# Shipping Scales



## sunflower-n-ks (Aug 7, 2006)

Where is the best place to get shipping scales and how do you chose what is best? And the best value?

I am working toward selling some items and because I live so far from a post office would like to use the option to have packages picked up at my home. That will mean I will need some accurate scales.

A quick look at ebay shows many choices are available.

At this time, most of what I would be mailing would be lighter weight things, probably well under 30 lbs.


----------



## Guest (Sep 18, 2009)

I've been looking for the same thing--you can get them on line through the post office, Amazon.com seems to have some really good prices. I don't know how heavy your items will be and that would make a difference-I'd be interested in a few more suggestions before I purchase one also.


----------



## clovis (May 13, 2002)

I use a baby scale that I scored at an auction for $7. It isn't digital, but it is pretty accurate!


----------



## FlatlinesUp (Sep 7, 2009)

USPS has them available online as well as Harbor Freight (which has a higher upper end weight)

I've got both and they read within one ounce of each other. 

Always remember to round up and you'll be good to go


----------



## clovis (May 13, 2002)

Rounding up is important!!!!! Great advice!!!!

I always add one pound for a box, and two pounds for a much bigger box.


----------



## FlatlinesUp (Sep 7, 2009)

clovis said:


> Rounding up is important!!!!! Great advice!!!!
> 
> I always add one pound for a box, and two pounds for a much bigger box.


I do that if using the bathroom scale route, but the harborfreight digi scale (here's the link) is rated to 70lbs and only usualy round an ounce and never had anything sent back.

(fyi, I average $3-5k in shipping per year with 95% being thru USPS)


----------



## clovis (May 13, 2002)

That is cool. I will have to check out the HF scale.

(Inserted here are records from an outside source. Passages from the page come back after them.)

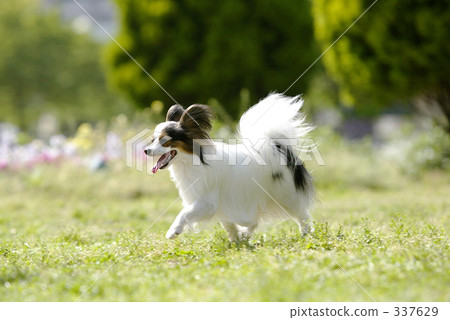 Dog Papillon Dog Papillon 337629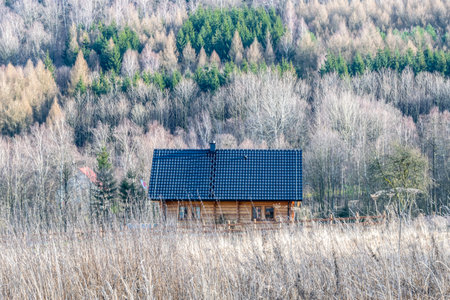 A hut among trees and plants. landscape.の写真素材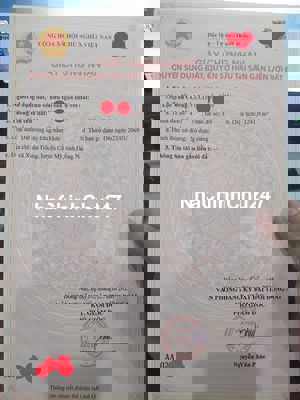 BÁN ĐẤT CẨM MỸ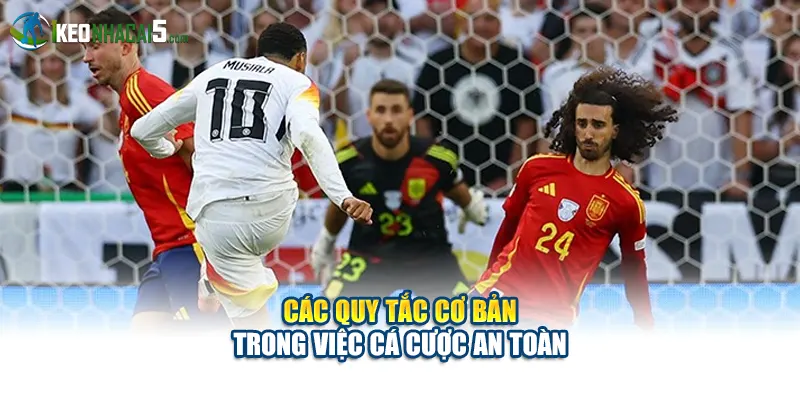 Các quy tắc cơ bản trong việc cá cược an toàn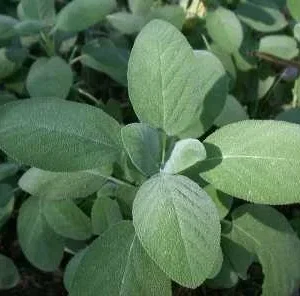 Garden Sage Kitchen Herb - Salvia officinalis - 4.33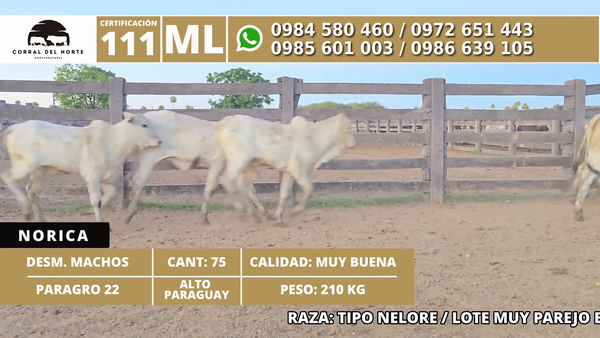 Lote 75 Desmamantes machos 210kg -  en Carmelo Peralta los de Norica  Puerto Sastre los de Ygua Pora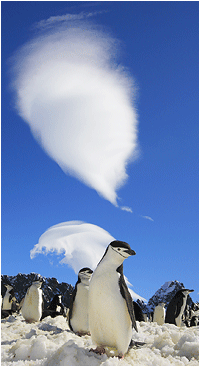 chinstrap elephant island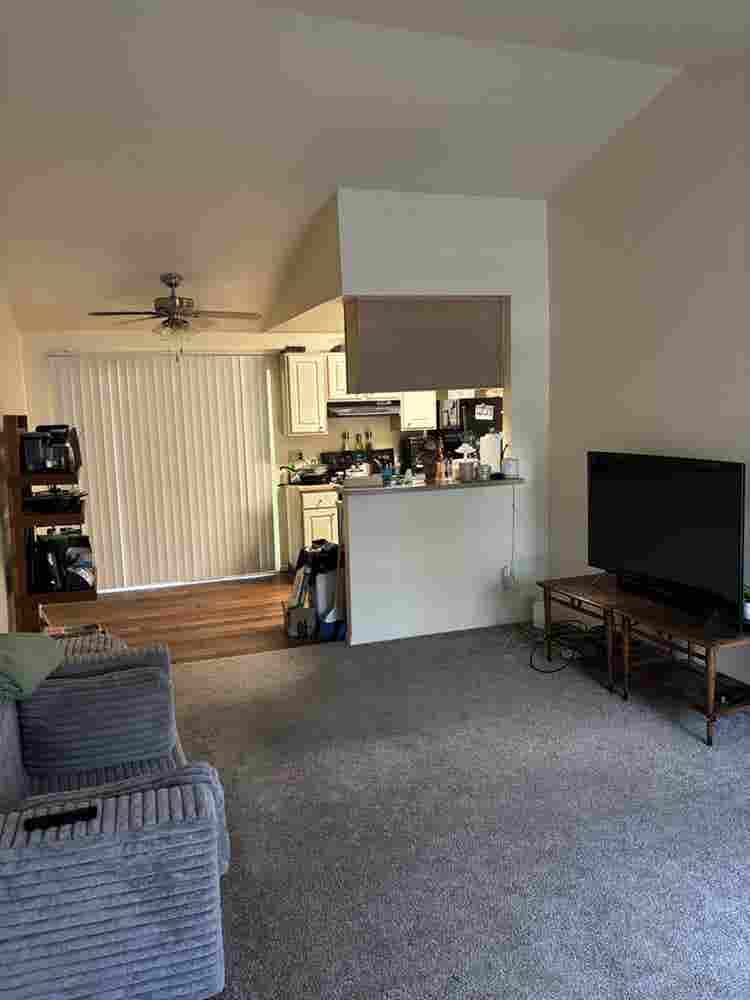 Looking for lgbt friendly roommate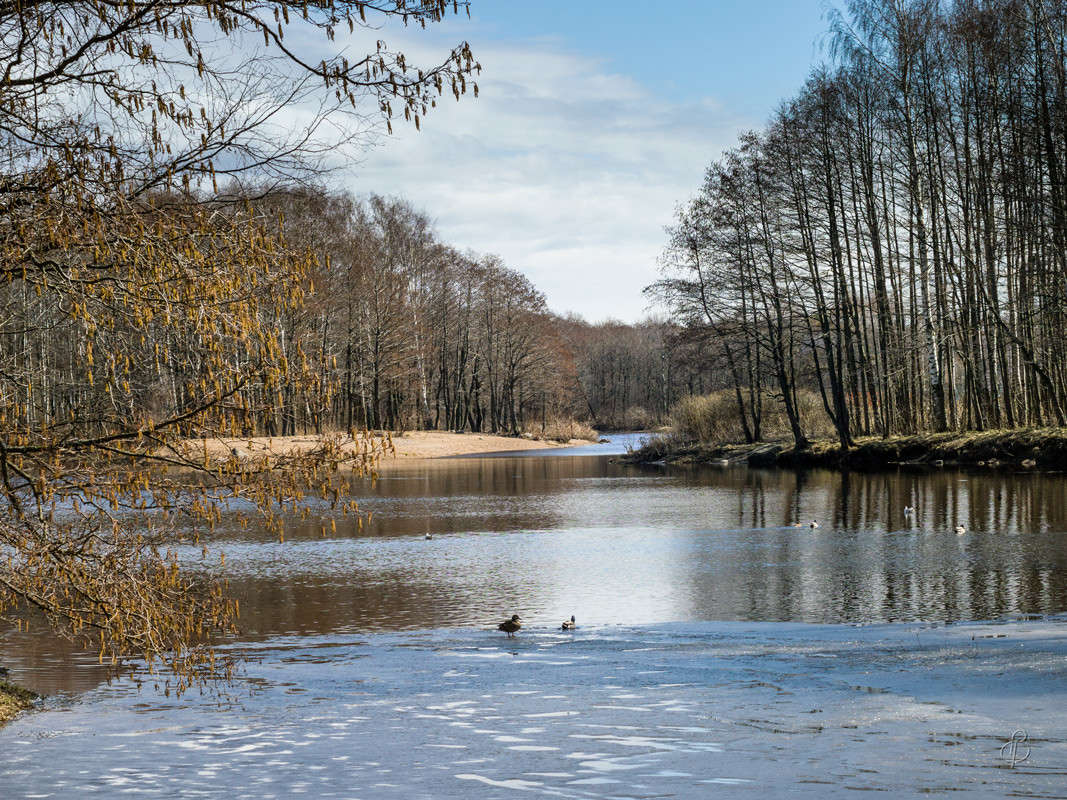 �������� ���� ����� Vitaly Konakov �� PhotoGeek.ru #������ ��� ������� #����� ��������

For clarity in my earlier post, when I suggested adding one pound for a box...that is for an item that I am weighing, but don't have a shipping box for the item yet.


----------



## KY Doug (Dec 1, 2008)

I bought a digital 35# scale on Ebay about 3 years ago. Can't remember the sellers name, Old Will somthing. I check it with the PO about every 6 months. It is always right on within 1/10 of an ounce. It didn't cost much. I think I have made up the price just in shipping weight errors.


----------